Da Nang is a city that lights up at night; its riverfront is alive with people enjoying the gentle breeze coming from the water (at night the temperature can still reach a sticky 30 degrees). Women, young and old, gather on the boulevard to dance together. Men, dressed in chinos and light cotton shirts practise Tai Chi as though they have been moving through the same sequence every day for their entire lives and no longer think of the movements but just glide through, their minds appreciating the ebb and flow of life around them. There are tourists, of course, but they blend in, attracting little more than idle curiosity from the locals. A small child will double take at the tall, white skinned couple whose shoulders and cheeks are pink and glowing from the unfamiliar sun, but everyone is relaxed and happily enjoying their evening.
Our plane had taken off from Ho Chi Minh over 40 minutes late, which meant that by the time we arrived in Da Nang International airport our hotel transfer was long gone.
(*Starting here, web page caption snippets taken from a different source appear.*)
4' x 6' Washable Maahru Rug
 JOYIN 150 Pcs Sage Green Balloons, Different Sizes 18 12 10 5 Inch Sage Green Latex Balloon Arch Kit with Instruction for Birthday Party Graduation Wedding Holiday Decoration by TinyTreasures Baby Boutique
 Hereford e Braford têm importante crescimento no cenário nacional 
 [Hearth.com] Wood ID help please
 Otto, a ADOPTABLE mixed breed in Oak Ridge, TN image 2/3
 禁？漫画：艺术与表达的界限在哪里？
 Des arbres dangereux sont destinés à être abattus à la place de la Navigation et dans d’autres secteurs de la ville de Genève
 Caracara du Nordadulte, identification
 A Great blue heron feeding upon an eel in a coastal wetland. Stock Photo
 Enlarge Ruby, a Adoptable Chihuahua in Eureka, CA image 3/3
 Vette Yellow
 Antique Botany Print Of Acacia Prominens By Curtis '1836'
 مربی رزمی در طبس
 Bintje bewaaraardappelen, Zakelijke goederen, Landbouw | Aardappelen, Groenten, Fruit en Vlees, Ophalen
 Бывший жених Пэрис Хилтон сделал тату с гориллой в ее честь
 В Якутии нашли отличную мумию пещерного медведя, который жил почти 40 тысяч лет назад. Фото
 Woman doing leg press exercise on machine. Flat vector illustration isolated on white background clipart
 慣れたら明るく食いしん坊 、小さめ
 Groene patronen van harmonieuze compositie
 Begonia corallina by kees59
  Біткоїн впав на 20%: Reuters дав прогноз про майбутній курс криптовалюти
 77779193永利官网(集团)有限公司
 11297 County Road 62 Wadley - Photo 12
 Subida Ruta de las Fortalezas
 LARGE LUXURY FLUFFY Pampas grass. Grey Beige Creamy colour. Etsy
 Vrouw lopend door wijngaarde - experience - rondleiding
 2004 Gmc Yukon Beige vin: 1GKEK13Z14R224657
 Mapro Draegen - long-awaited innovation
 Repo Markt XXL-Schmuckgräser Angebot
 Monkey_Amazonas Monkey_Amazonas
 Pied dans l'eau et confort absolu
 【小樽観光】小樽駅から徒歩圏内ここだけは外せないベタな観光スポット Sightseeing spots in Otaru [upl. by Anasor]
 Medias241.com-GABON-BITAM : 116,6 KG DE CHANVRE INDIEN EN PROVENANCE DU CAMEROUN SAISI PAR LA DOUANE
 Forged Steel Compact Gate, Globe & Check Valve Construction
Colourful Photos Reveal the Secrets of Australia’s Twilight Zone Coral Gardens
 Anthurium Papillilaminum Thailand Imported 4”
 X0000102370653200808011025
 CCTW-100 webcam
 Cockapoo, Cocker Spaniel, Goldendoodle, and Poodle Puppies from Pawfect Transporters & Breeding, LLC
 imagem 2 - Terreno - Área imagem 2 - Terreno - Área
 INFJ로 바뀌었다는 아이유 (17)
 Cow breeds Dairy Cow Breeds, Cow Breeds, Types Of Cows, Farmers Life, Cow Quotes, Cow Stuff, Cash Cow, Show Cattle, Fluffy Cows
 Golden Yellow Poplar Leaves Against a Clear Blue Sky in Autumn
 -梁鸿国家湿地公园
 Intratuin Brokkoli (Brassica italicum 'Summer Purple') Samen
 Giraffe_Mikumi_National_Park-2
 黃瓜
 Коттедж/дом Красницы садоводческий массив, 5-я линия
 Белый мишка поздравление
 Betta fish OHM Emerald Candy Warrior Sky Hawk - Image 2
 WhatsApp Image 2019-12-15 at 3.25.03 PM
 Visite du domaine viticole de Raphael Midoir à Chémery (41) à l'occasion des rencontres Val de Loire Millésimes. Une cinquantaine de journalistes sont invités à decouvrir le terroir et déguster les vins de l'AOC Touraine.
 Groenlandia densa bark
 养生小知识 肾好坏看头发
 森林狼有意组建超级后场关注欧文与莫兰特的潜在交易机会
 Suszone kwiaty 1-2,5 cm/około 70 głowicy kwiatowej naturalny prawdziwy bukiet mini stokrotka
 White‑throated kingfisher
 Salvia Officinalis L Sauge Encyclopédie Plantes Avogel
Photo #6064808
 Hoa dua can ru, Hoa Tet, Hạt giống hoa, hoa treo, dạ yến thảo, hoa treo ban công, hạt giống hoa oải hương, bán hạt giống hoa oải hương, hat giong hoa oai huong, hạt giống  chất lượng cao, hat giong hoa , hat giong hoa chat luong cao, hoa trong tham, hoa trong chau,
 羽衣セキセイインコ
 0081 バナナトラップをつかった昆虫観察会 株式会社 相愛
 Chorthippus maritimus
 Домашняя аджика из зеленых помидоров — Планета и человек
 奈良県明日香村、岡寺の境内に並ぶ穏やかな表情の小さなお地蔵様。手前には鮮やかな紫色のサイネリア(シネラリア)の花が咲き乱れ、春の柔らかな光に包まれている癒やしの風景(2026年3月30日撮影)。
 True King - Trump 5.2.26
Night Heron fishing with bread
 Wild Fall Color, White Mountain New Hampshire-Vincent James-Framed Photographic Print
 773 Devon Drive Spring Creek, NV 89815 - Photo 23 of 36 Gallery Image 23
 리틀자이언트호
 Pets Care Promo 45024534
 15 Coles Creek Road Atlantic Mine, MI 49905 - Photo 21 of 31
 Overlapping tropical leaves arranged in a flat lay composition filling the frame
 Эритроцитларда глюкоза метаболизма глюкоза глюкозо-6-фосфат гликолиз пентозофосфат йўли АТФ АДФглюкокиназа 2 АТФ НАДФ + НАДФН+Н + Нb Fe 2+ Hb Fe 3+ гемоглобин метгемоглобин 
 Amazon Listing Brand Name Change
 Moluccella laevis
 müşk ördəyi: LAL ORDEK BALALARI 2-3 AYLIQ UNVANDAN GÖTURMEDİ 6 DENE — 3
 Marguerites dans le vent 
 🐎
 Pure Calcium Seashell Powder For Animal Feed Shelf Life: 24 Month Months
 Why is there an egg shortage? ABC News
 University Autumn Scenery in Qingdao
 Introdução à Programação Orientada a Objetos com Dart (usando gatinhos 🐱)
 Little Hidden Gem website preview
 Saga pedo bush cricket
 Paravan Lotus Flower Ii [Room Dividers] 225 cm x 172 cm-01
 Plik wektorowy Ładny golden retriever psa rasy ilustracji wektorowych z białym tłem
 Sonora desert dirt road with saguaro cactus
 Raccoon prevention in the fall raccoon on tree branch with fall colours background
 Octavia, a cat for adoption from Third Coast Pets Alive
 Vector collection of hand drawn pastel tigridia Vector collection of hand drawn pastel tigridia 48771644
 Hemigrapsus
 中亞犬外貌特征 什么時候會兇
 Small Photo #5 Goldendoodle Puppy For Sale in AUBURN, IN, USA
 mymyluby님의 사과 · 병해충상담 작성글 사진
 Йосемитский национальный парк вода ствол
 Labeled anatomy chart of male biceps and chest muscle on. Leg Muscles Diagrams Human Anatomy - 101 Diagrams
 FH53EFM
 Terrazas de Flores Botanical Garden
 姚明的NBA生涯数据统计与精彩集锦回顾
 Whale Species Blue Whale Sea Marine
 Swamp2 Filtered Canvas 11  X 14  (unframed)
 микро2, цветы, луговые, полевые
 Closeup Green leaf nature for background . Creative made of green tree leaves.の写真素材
After flapping around for a good 15 minutes in arrivals we decided we had to take a taxi, though given the experience in Ho Chi Minh we were more than a little apprehensive! Thankfully we had chosen a good ‘un this time and were promptly dropped off at our hotel for a reasonable fee (47,000VND or £1.37, for around 5km). When we arrived at the Dai A Hotel , we were a little unnerved. There were mopeds parked inside the lobby, and the only member of staff awake (it was nearly midnight by this point) welcomed us with “passport”, promptly took them and led us, via a claustrophobic lift that could have passed for a dumb waiter,to our room. No explanation other than a “breakfast ticket” which promised us something to eat between 7 and 10am (if we made it through the night…) I was tired, stressed out and- having stayed in the opulent splendor of the Intercontinental Asiana Saigon for the previous week- enormously underwhelmed by the no-frills accommodation. I won’t lie to you Reader: I threw a diva strop!
But everything was better in the light of day. The staff were incredibly friendly, and apologised that the night receptionist was unable to speak a word of English (yep, I felt guilty for judging him harshly!). The breakfast was delicious and the hotel was spotless. Oh, and did I mention it cost us USD 60 for three nights?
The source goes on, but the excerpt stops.